November 14th is World Diabetes Day as declared by the International Diabetes Federation and the World Health Organization. The date - November 14th each year - is a significant date in the history of the disease, it is the birthday of Frederick Banting. In 1922 Banting, and a group of scientists discovered insulin...the life-giving juice we Diabetics require.

So today, in the spirit of World Diabetes Day and Diabetes Awareness Month, I want to share my story of advocacy, specifically my role as part of the Diabetes Online Community (aka "DOC").

I experienced a period of time during college where I was extremely overwhelmed. I was learning to be a rocket scientist, stressed beyond belief about college, low on sleep and low on motivation to control my Diabetes. My coping strategy was basically to forget that I had the disease...I would work tirelessly until I felt "weird" and then maybe check my blood sugar or maybe just treat the low "feeling" without a blood test. I absolutely rebelled against the idea of having a disease. Looking back of course this was ridiculous, the only person I was hurting was me, and I was feeling pretty bad while doing it. The constant struggle of Diabetes was just too much for me to handle.

I'm reluctant to admit this since it is completely insane to me now, but at one point I remember thinking, "Hmmm...I haven't tested my blood sugar in a whilllleeee....". When I looked back on my meter I realized it had been almost two weeks. Go ahead and throw the stones, I wish I could go back in time and throw them at myself.

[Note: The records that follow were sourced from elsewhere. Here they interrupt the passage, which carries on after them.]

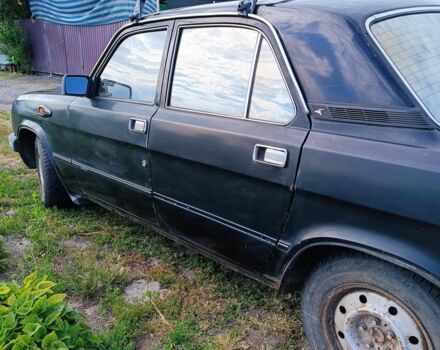 Черный ГАЗ 3110 Волга, объемом двигателя 2.5 л и пробегом 300 тыс. км за 800 $, фото 4 на Automoto.ua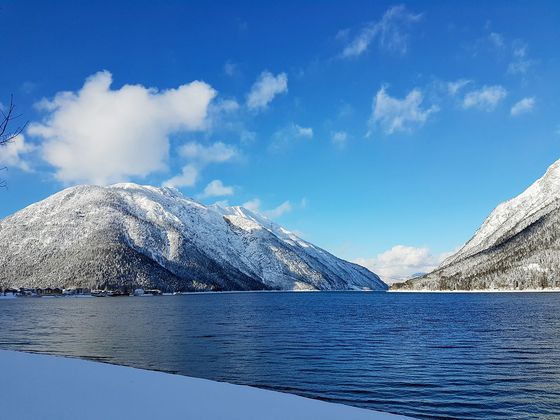Der Achensee glitzert bei klirrender Kälte.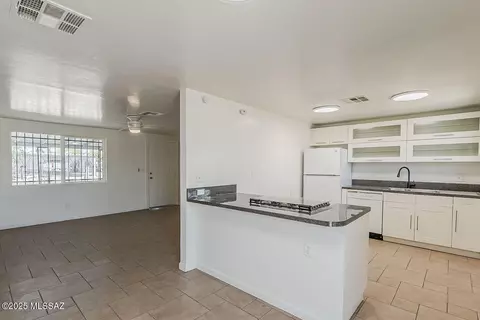 1673 W Circle B Dr, Tucson, AZ 85713
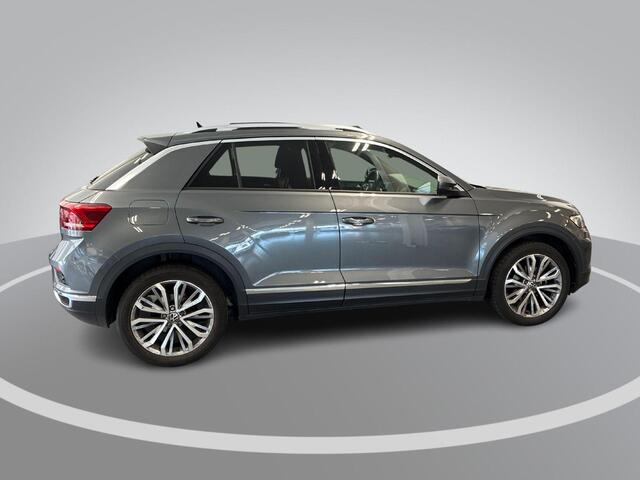 Volkswagen T-Roc 1.5 TSI 150pk DSG Sport · Panoramadak · Camera · Stoelverwarming · Elek. Achterklep · ACC · Dodehoeksensor ·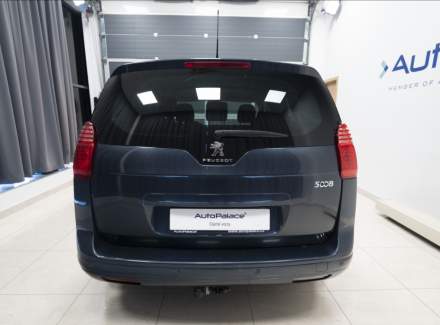 Peugeot - 5008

Shortly after the two weeks incident I had an endo appointment. I reluctantly showed up and offered blood for the A1c test. Amazingly the nurse reported that I had a great A1c (I can't remember the exact number, probably around 7). I knew the number was not right so I told her I think she should re-check it. She seemed a little confused, "I've never had someone with such a good A1c reading ask for a repeat, haha!" The second one came back much higher (again, I can't remember the exact number, probably nearing 9). The appointment continued on with the doctor and nurse blabbing on and me sitting numb, just annoyed I had to put up with all of this judgement.

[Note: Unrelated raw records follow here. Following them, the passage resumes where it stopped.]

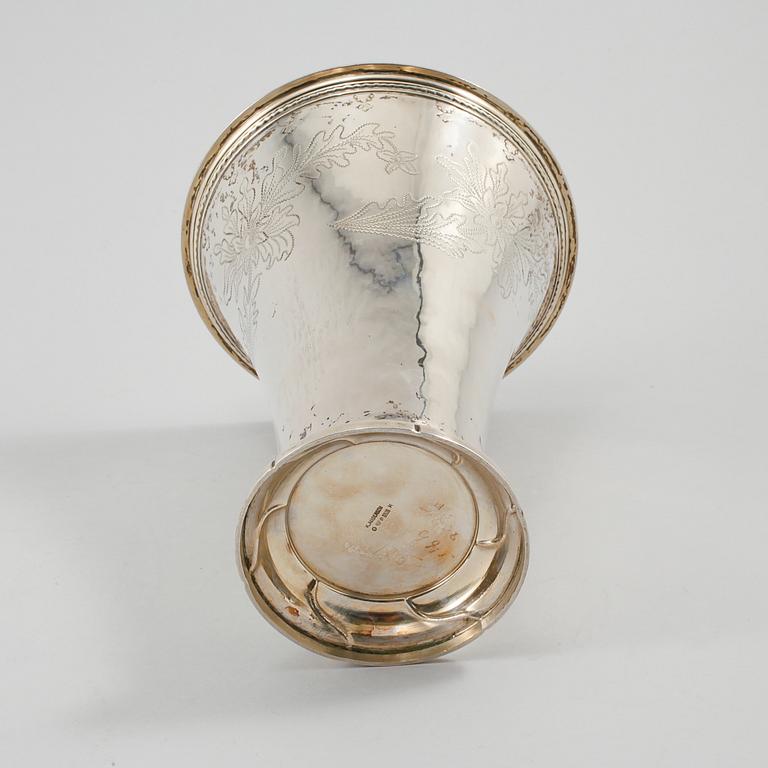 BÄGARE, silver, K Andersson, Stockholm, 1930. Vikt 490 gram.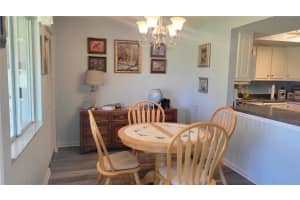 566 FAIRWAYS CIRCLE, OCALA, FL 34472 Sold 05/04/26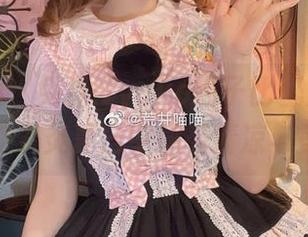 独特视角，免费Nyako喵子比基尼写真，让你在炎炎夏日中感受清凉与美丽！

My mom sensed something was wrong and asked me to come down to her bedroom, she was acting strange. "Here, maybe it's an ok time for you to read this." She handed me the book "Sweet Invisible Body" by Lisa Roney. "Someone gave this to me a long time ago, shortly after you were diagnosed, but I didn't have the heart to let you read it then. It depressed me."

I grabbed the book and ran up to my room. I read the whole book in one night.

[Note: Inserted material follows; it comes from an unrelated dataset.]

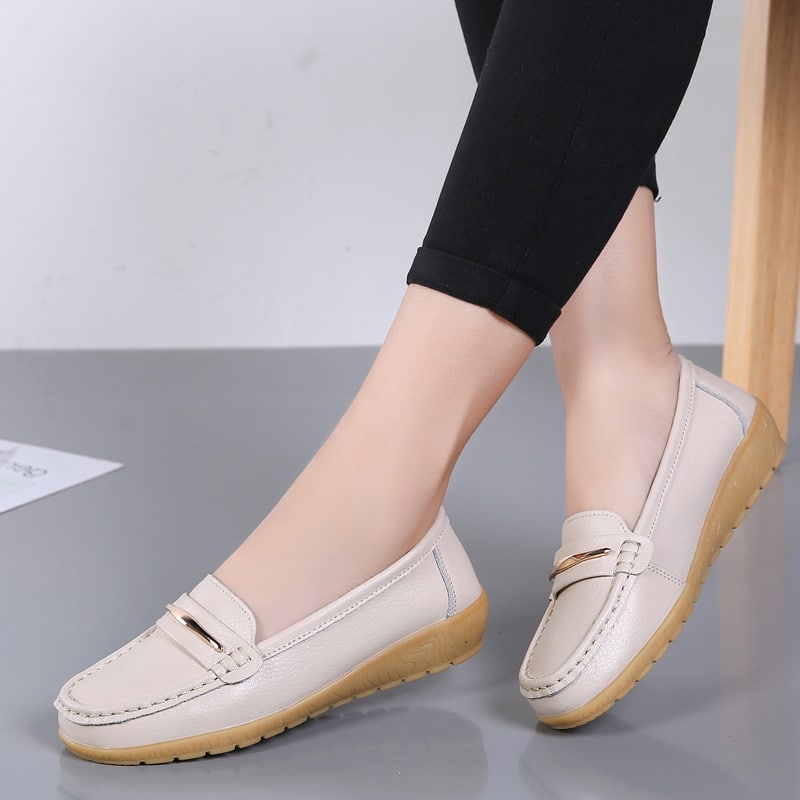Beige loafers i läderimitation med metallspänne för kvinnor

Finally, I had someone else to connect to.

I decided to seek out more personal stories of Type 1 Diabetics by turning to the internet, and there I found the DOC. Literally, the DOC saved me from a really deep Diabetes-induced pit. I initially found Kerri's blog, and then others, and then I met some of the bloggers I found online. And every time it was like we had been best friends all along. These people got me. They understood, even better than my mom could, how much these interpersonal Diabetes relationships mattered. I never needed to feel alone ever again.

And now, I have my own blog, a place to spread awareness (about Diabetes, space and wiener dogs ;-) and inspire others with the disease to dive right in. I truly believe writing about my own experiences and reading about others with similar struggles is extremely powerful.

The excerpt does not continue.